Further, according to the results of Examples 1 , 3 to 14 and Comparative Examples 1 to 8 , the content of the (meth) acrylic acid metal salt as the component (A) and the polyvalent metal salt compound as the component (B) and The total amount can be appropriately set according to the gel strength to be obtained, etc., and simply, by setting it to 2% or more and 15% or less, 2% or more and 10% or less, good characteristics can be obtained. It turns out that it tends to be obtained.

This composition has excellent permeability to the ground, and it is possible to obtain a gel having good deformation resistance and durability. Therefore, it is useful as an injection composition for preventing ground liquefaction.
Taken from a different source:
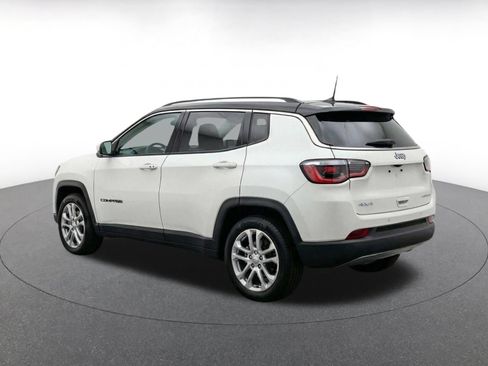 Used 2025 Jeep Compass Limited AWD/4WD image 15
Further, it is useful to apply the injection composition for preventing ground liquefaction of the present invention by the injection solidification method (chemical injection method) to the ground directly under the existing structure that cannot be moved.

Claims (6)

A ground conditioner composition,
The following components (A) to (F):
(A) (Meta) Acrylic Acid Metal Salt (B) Polyvalent Metal Salt Compound other than the (Meta) Acrylic Acid Metal Salt (C) α-Hydroxy Acid or a Salt thereof (D) Basic Compound (E) Polymerization Initiator ( F) Contains water,
The total amount of the components (A) and (B) is 2.0% by mass or more and 15% by mass or less.
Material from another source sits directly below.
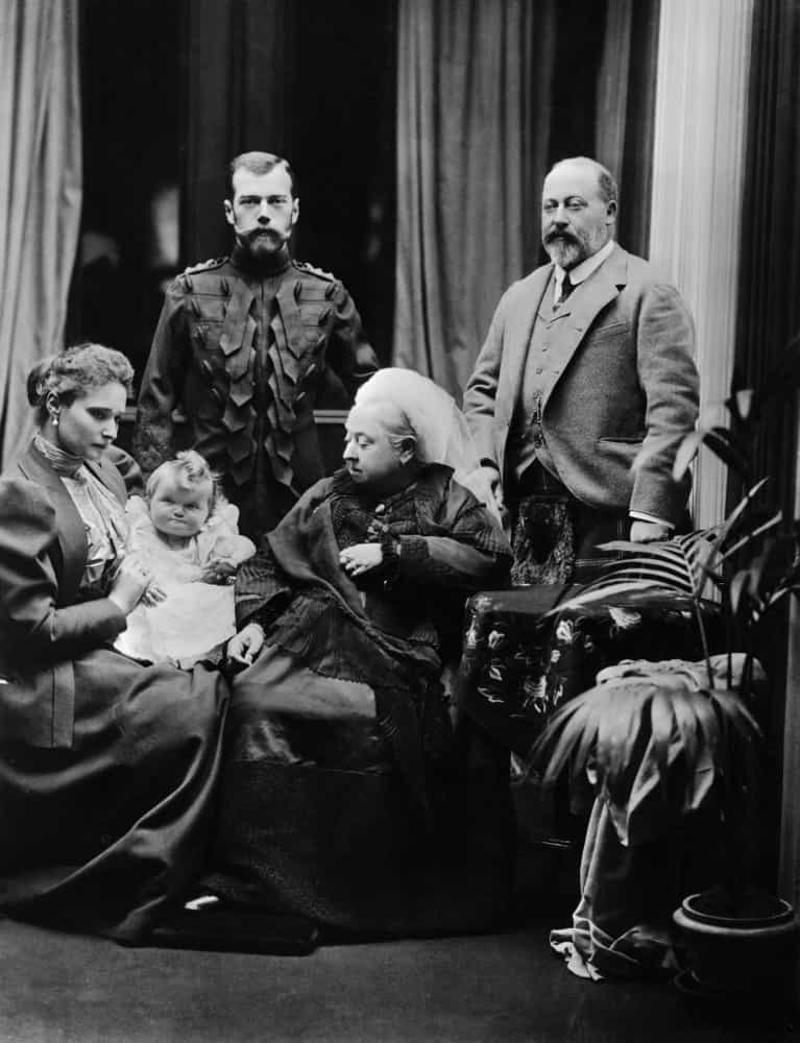The death of Queen Victoria Reshaping Europe, Strategic marriages, Princess Victoria, Prince Arthur, Princess Beatrice, Princess Helena, The Russian Monarchy, King Edward VII, Mission complete, Kaiser Wilhelm II, Alexandra Feodorovna, Princess Maud, The death of Queen Victoria, A new approach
The molar ratio of the component (C) to the central metal of the component (B) is 0.3 or more and 1.0 or less.
A composition having a pH of 4.0-9.0. The composition according to claim 1, wherein the component (B) is 0.5% by mass or more and 14.5% by mass or less . The composition according to claim 1, wherein the component (B) is an aluminum salt compound. The composition according to claim 1 or 2, wherein the component (C) is an α-hydroxy acid having 2 to 8 carbon atoms or a salt thereof. It ’s a ground improvement method.
A step of introducing the ground improving agent composition according to any one of claims 1 to 3 into the ground.
A method. The method according to claim 5 , which is used in the injection solidification method.